I suspect the tag on this thread should be changed, as this isn't a 5E issue. It's one that D&D has struggled with for a long, long time
Right. Fundamentally from almost day one*, but certainly by the time supplement I came out and magic users got level 7-9 spells**. That said, when magic users were eternally very fragile (and once AD&D added spell fizzling on a hit), and fighters got armies and preferential magic item (which let them be at least partially thor-like demigods without it breaking anyone's immersion), it worked better -- although it still was predicated on different conceptions of balance compared to what we now use.
*IMO, oD&D missed the ball by wildly reducing the power of higher-level fighting men (Heroes and Superheroes) as compared to how they fared in Chainmail instead of taking 8x as many hits as a level one fighter, a superhero only dropped when taking 8x as many hits at once, and also doled out a similar amount of damage in attacks (against the primary opponents on the field).
**which mostly were for NPC opponents because 'PCs were never going to get that high' or something like that. That notion was quickly dispelled, but new balancing metrics weren't put in place once EGG et al. realized that playstyle wasn't going to happen.

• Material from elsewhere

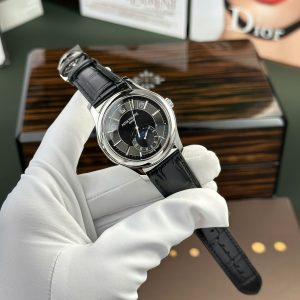 Đồng Hồ Patek Philippe 5205 Replica 11 Mặt Đen Dây Da 40mm (2)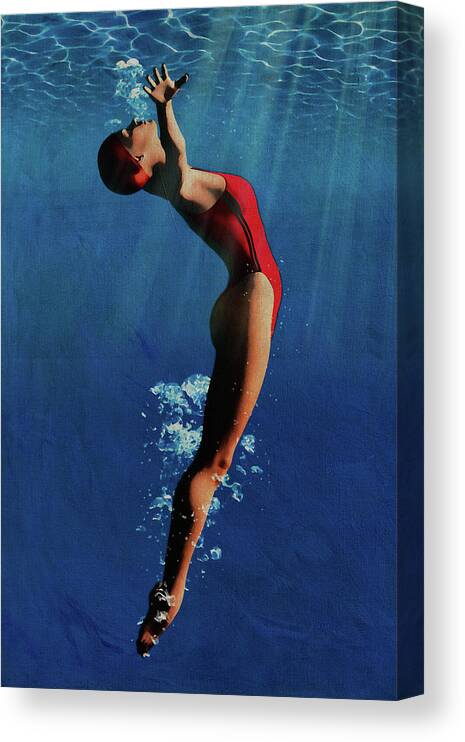 Water Canvas Print featuring the digital art Girl Diving Into Water IV by Jan Keteleer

That era of play is also where we did get some of the issues with how characters were conceived. Despite allusions to Conan, Fafhrd, or Cugel, the initial game was built around regular joe soldier types (not appreciably distinct from general hirelings) wandering mazes searching for treasure. And that's where a lot of people formed their preference for how fighters are supposed to play out in terms in no-innate-superhuman-ness (even though the magic users have changed significantly since then).

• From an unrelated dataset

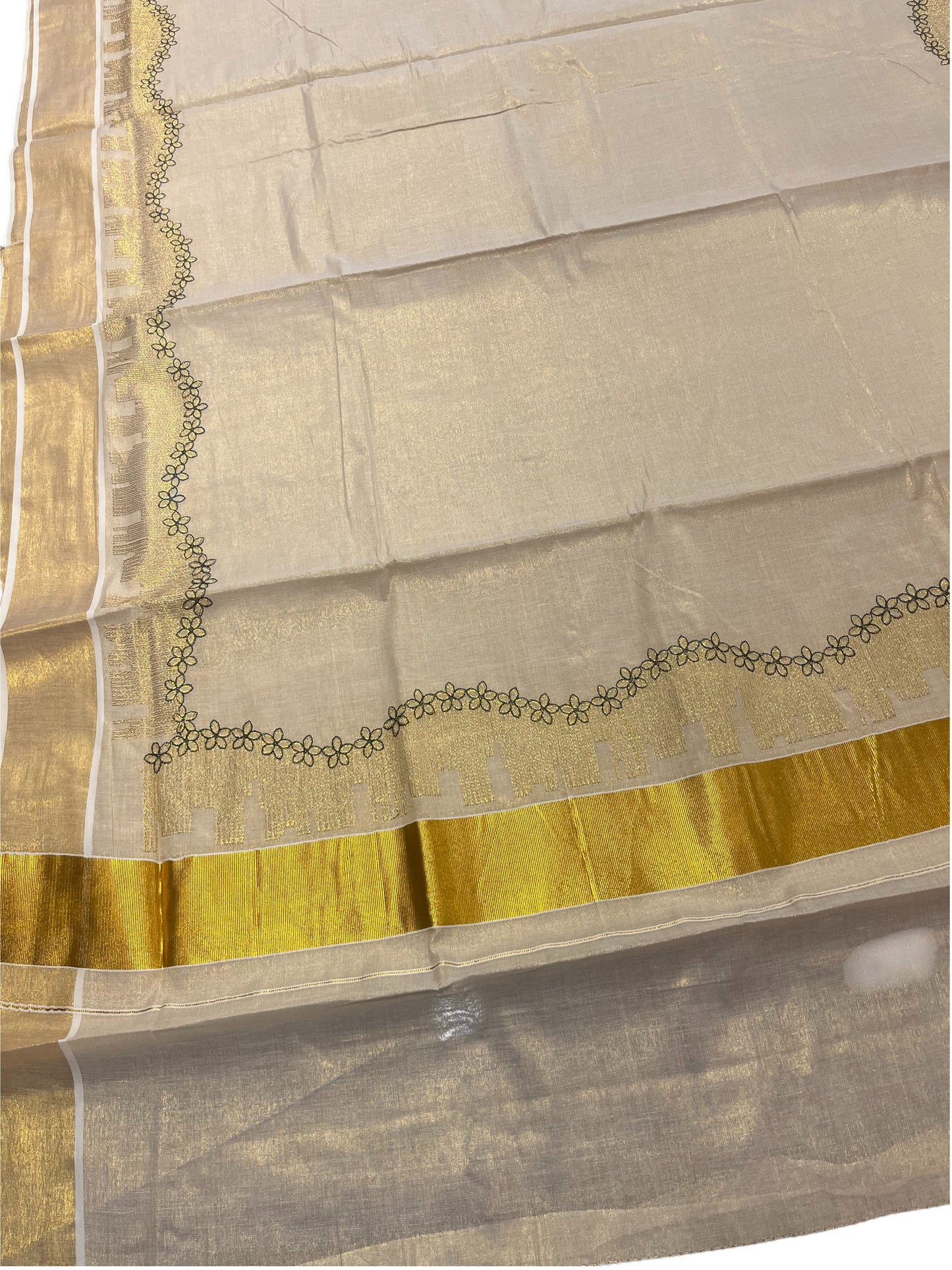 Southloom Kerala Tissue Kasavu Plain Saree with Green Floral Embroidery Works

Lately I've become convinced that the root of the LFQW problem lies with the central mechanic of D&D levels: that a person can become infinitely more powerful just by practicing. This works just fine for casters, since the basic idea is someone who gains immense power through knowledge. A character knowing a thing implies a time when they didn't know it yet, so it's easy to picture a wizard at Level Elminster or whatever and work backwards to imagine his earlier, lower-level days.
Most other powerful fantasy figures don't get their power in the same way. Hercules didn't learn to be the son of Zeus; Nightcrawler didn't learn to be a mutant. Achilles gets dipped in the river Styx and Bruce Banner gets caught in a gamma bomb, but it happens all at once, not over the course of several years and a dozen levels. None of these characters really have a level one incarnation. A suitable martial archetype for dungeons and dragons doesn't just need to be Hercules. It needs to be a nobody who can pick up a sword and become Hercules one day just by working really hard, and that's not something you see in Western fiction very often.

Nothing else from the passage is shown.